The master plan of London's 2012 Olympic Park was designed by AECOM. The winning plan called for the creation of one of the largest new European parks in a century, as well as environmental remediation and restoration - allowing for a new urban area to flourish during the games, as well as afterward.
Olympic stadiums are typically built to hold over 80,000 people during Olympic events, however once they're all over - countries have had to ask the question, "What do we do with this now?" Some stadiums are tourist attractions like the Montreal Olympic Stadium, which houses a soaring elevator tower. The Beijing Stadium, also known as the Birds Nest, sits empty for most months, and plans of what to do with it are still unknown. It is not just the function of the building that is the trouble, but the amount of maintenance and upkeep is more than most cities and developers want to think about. The 2012 London Olympics set out to change all that - the plan is the most sustainable pavilion complex in the history of the Olympic games.
Exploded Axon of the London Olympic Stadium
The London Olympic Stadium may not look like a mega birds nest, but it is one of the most innovative stadium designs ever. Designed by Populous, the stadium can be taken apart and made smaller after the games are over. There are two major tiers to the design. The lower tier allows for 25,000 seats, the second holds 55,000 seats. The roof is a cable roof system, allowing for an extremely light weight building, as well as easy construction. After the games, the design allows for the deconstruction of the second tier and the ability to lower the roof system. This allows for the stadium to be much more functional for the rest of its lifespan.
Exterior of Olympic Basketball Arena
The Olympic Basketball Arena, designed by SKM +Wilkinson Eyre Architects with KSS, was designed to be deconstructed and recycled after the games are over. The arena, which is one of the largest temporary spaces ever built for an Olympic Games, is seven stories tall, and is wrapped in 20,000 square meters of lightweight and recyclable PVC material. The panel design allows for easy dismantling and future reuse elsewhere in the world.

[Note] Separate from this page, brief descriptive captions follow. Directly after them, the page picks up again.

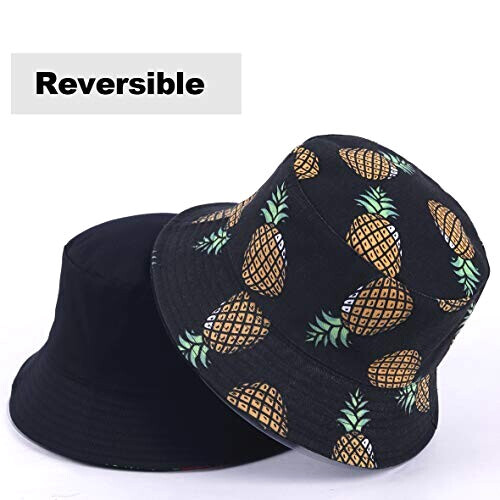 Bob Ananas ir taille unique homme/femme variant 0 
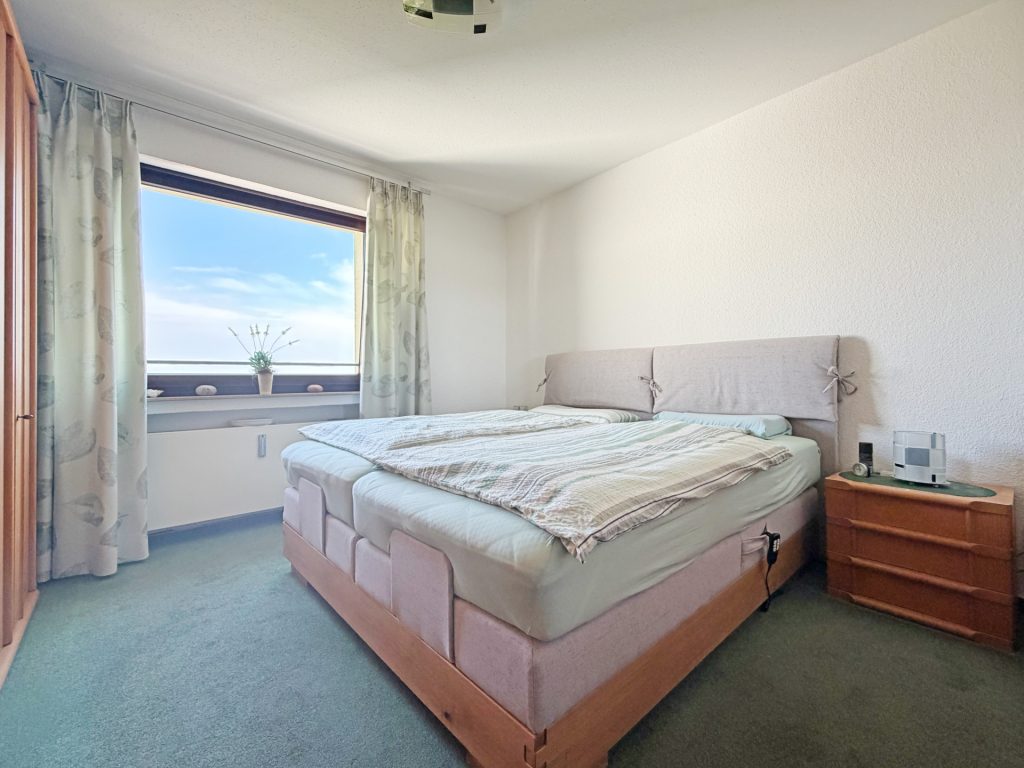 Schlafzimmer Immobilienangebot - Bochum - Alle - Sonnige Aussichten im Herzen
von Weitmar-Mark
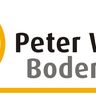 Bodenleger Peter Weiand
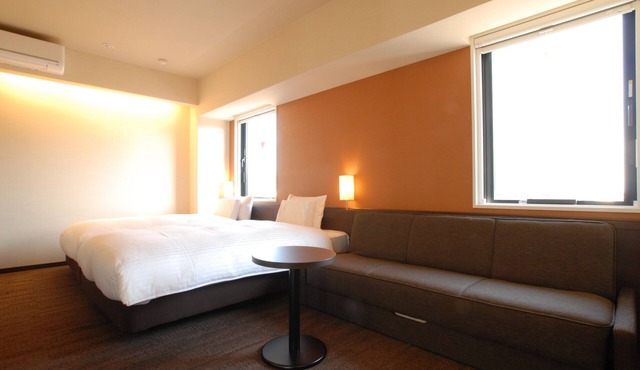 AB Hotel Nara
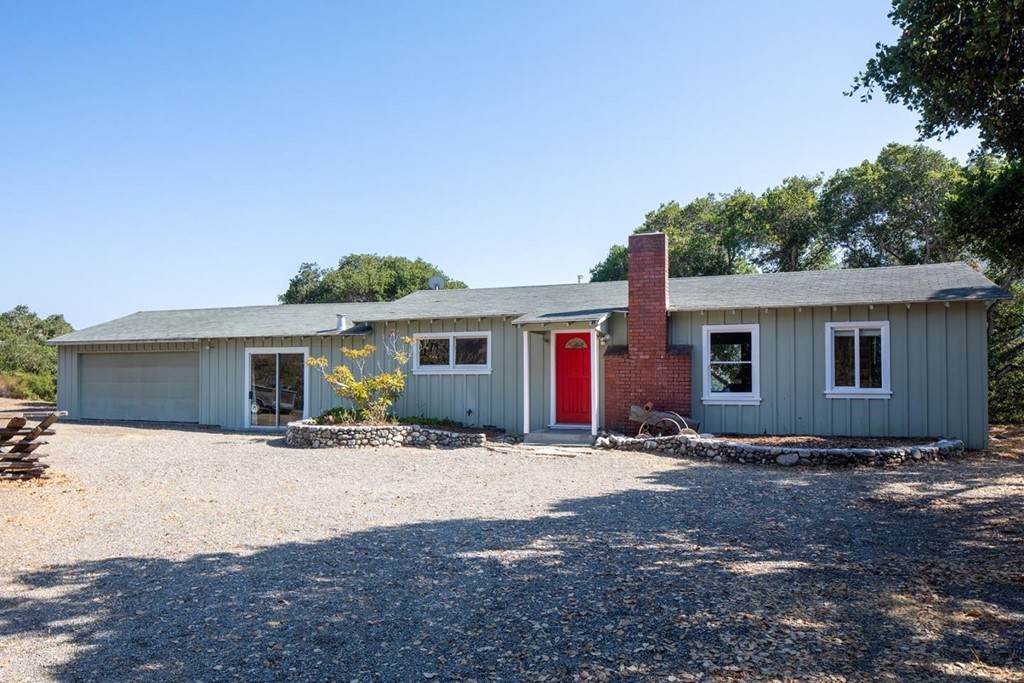 53 Miramonte Road - Photo 1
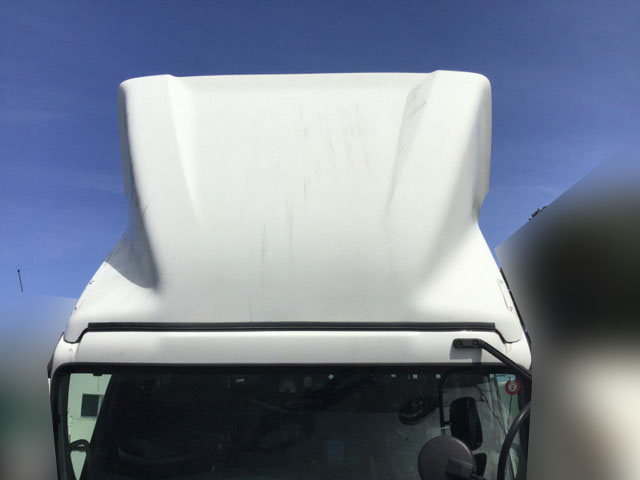 いすゞフォワードアルミウイング増トン（6t・8t）[写真11]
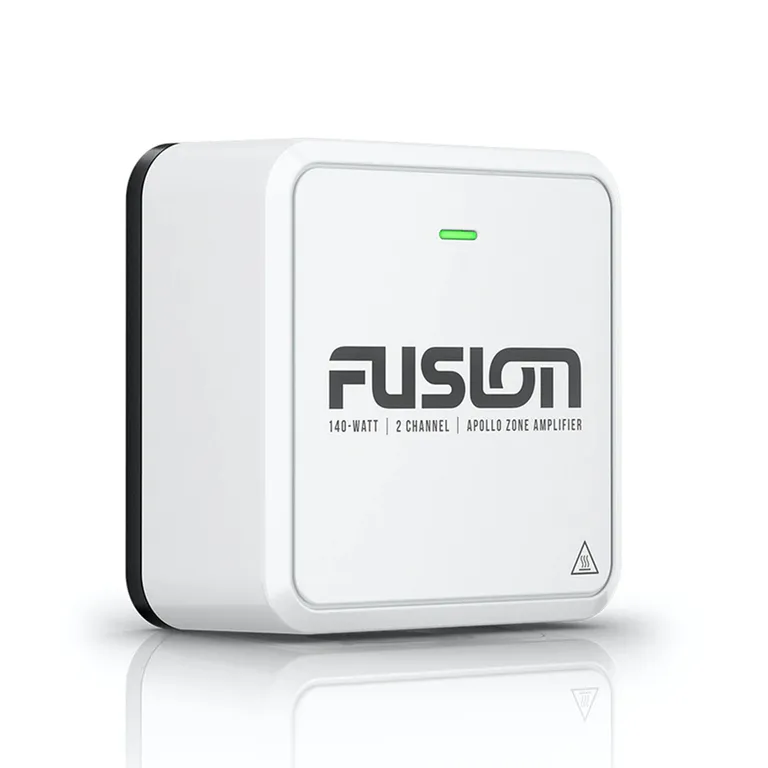 Fusion Apollo MS-DA214 soneforsterker 2 kanaler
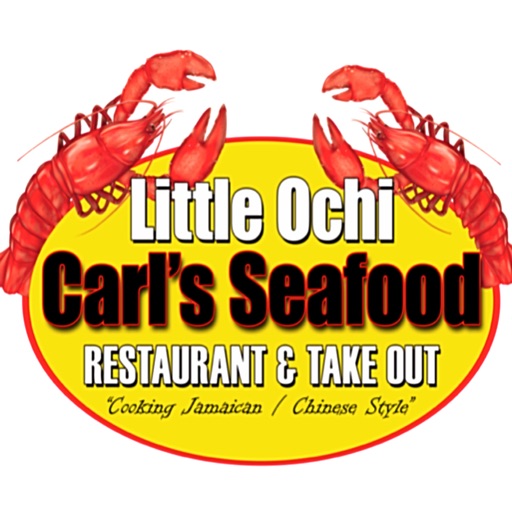 Carl's Seafood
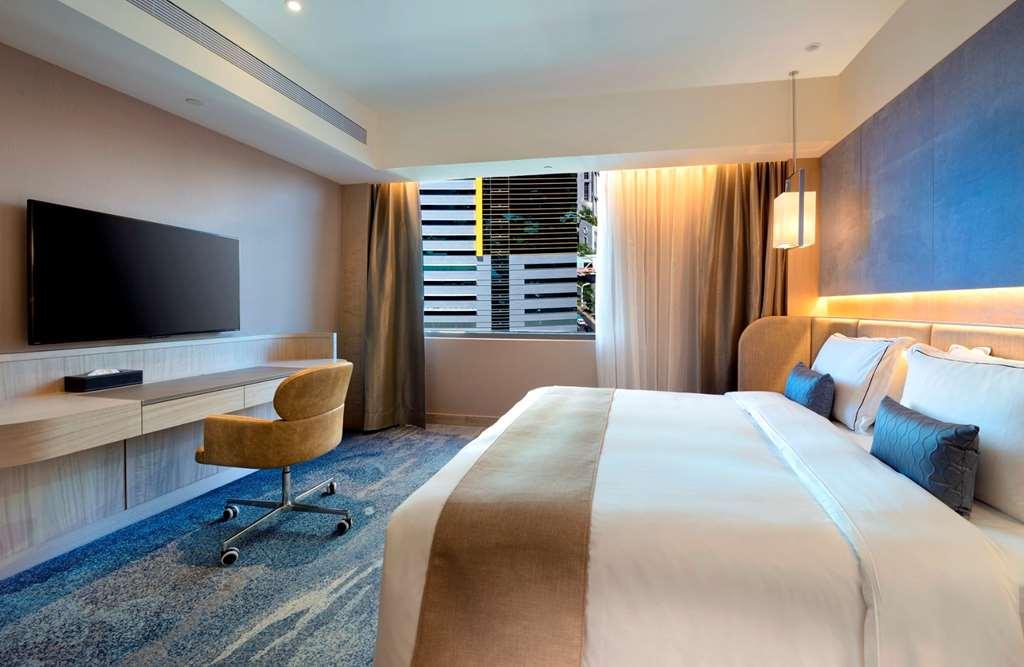 Hotel Caesar Park Banqiao 5*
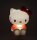 Sanrio 3D Nachtlicht Hello Kitty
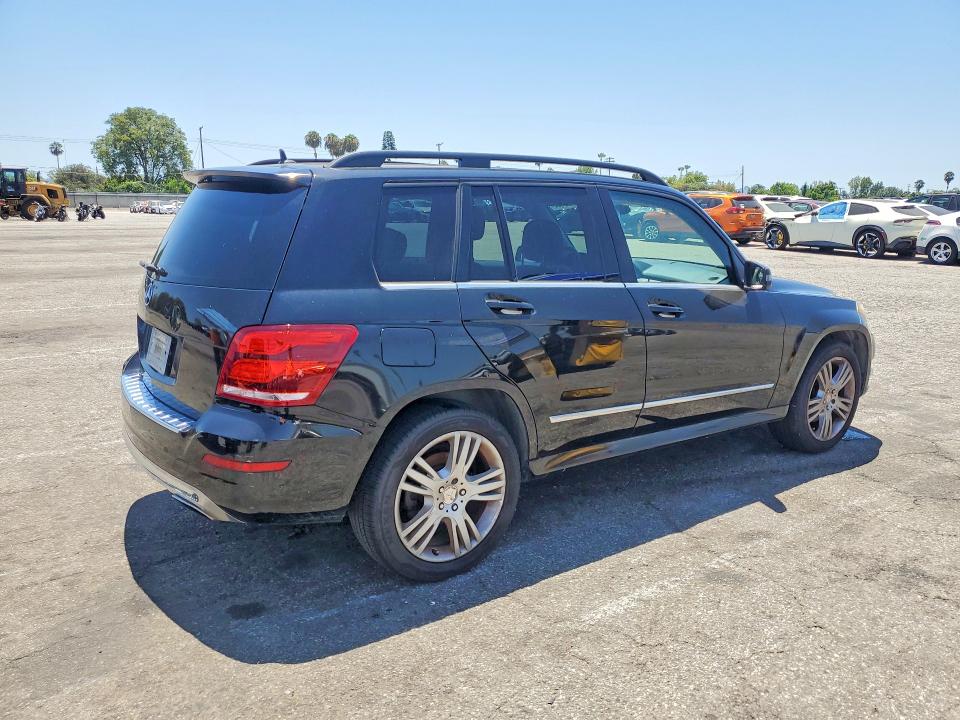 Продаж на аукціоні авто 2015 Mercedes-benz Glk, vin: WDCGG5HB8FG439311, номер лоту: 62158156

Exterior of Olympic Aquatics Centre
Standing out with its waved-shaped roof, the second-largest 2012 Olympics building is the Aquatics Centre, designed by Zaha Hadid Architects. The stunning ceilings which soar over the two 50-meter pools are built out of a sustainable timber. Much like the Basketball area, the exterior of the Aquatics Centre is constructed with precast modular blocks of concrete, eliminating the need for exterior painting as well as reducing the amount of emissions required to build the facility. The bleachers are also made of a material that will be recycled after the games are over.